Me tomó mucho tiempo descifrar ese sentimiento de abandonar el campo, pero he llegado a la conclusión de que aunque te vayas del campo, el campo nunca se va de ti. Después de quince años, creas un estilo de vida y una rutina; sabes con qué tipos de personas rodearte y, en general, creas una percepción bastante clara del tipo de hogar que quieres crear una vez llegues a la adultez. Sigo firme en mi creencia de que, una vez construya mi propio hogar, volveré al campo.
Como dije anteriormente, vivir en el pueblo viene con sus beneficios, mayormente que estás cerca de todo y de todos. Sin embargo, a pesar de tener nuestra propia residencia, pasar a vivir a un apartamento, es un cambio radical y abrupto, que implica rodearse de muchas personas que no conoces, y que tienen manías y costumbres que no necesariamente van acorde a las tuyas. No solo eso, sino que pierdes mucha privacidad, ya que todos escuchan y ven lo que dices y haces. Aunque esta puede parecer una vida más moderna, no es la vida que me gusta llevar.

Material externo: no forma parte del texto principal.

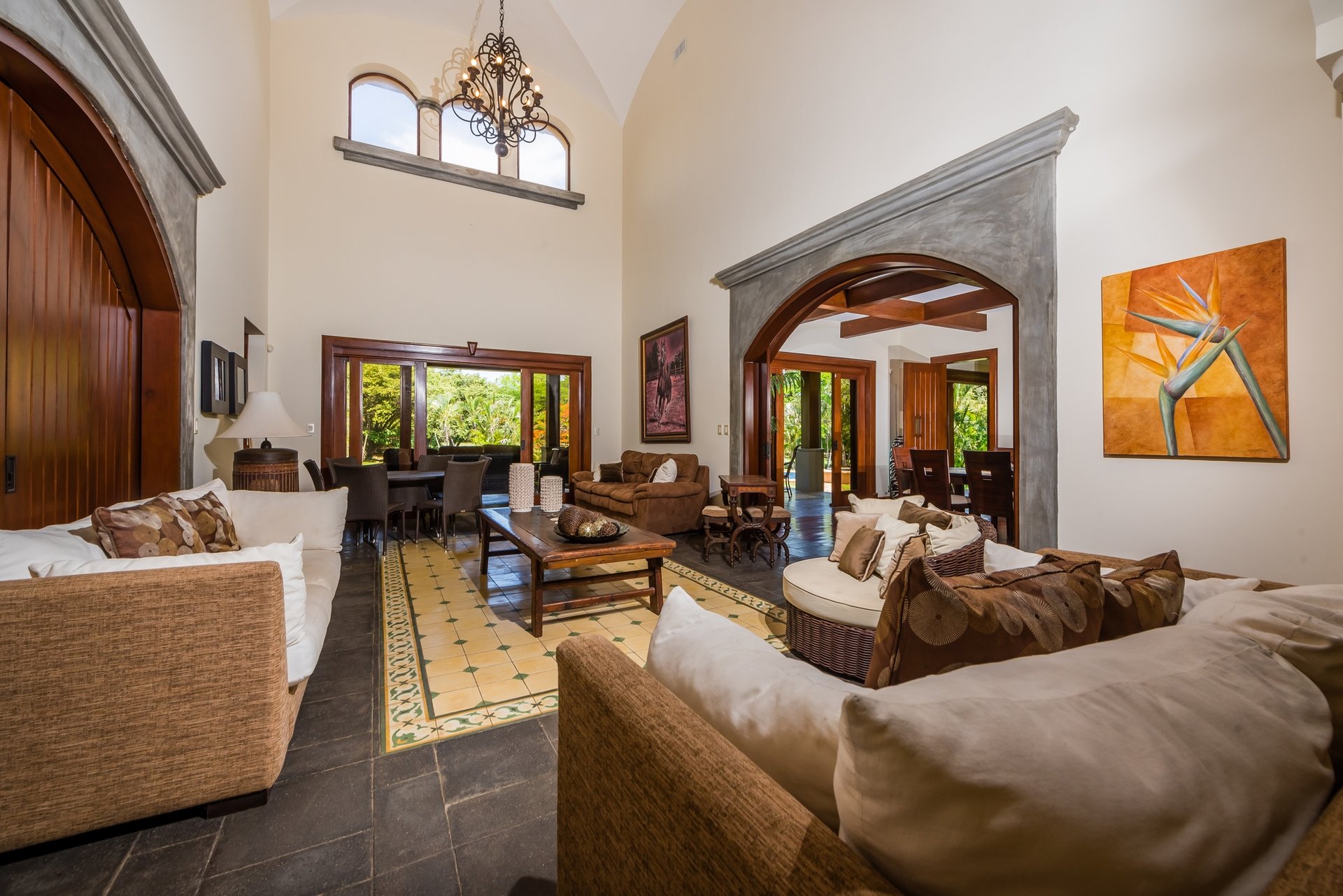 Casa Miraflores, Reserva De Golf #94 | Welcome to Casa Miraflores, an exquisite colonial-style estate home located in Hacienda Pinilla!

Han pasado siete años desde que nos mudamos y, aunque, no me he acostumbrado del todo, me he adaptado a este ritmo de vida. Dicho eso, todavía está en mis planes volver al campo y vivir mi adultez y vejez sintiendo esa brisa de las montañas. Esa brisa fría que a veces entra por mi ventana, refrescando la habitación y trayendo esos hermosos recuerdos de mi infancia y parte de mi adolescencia.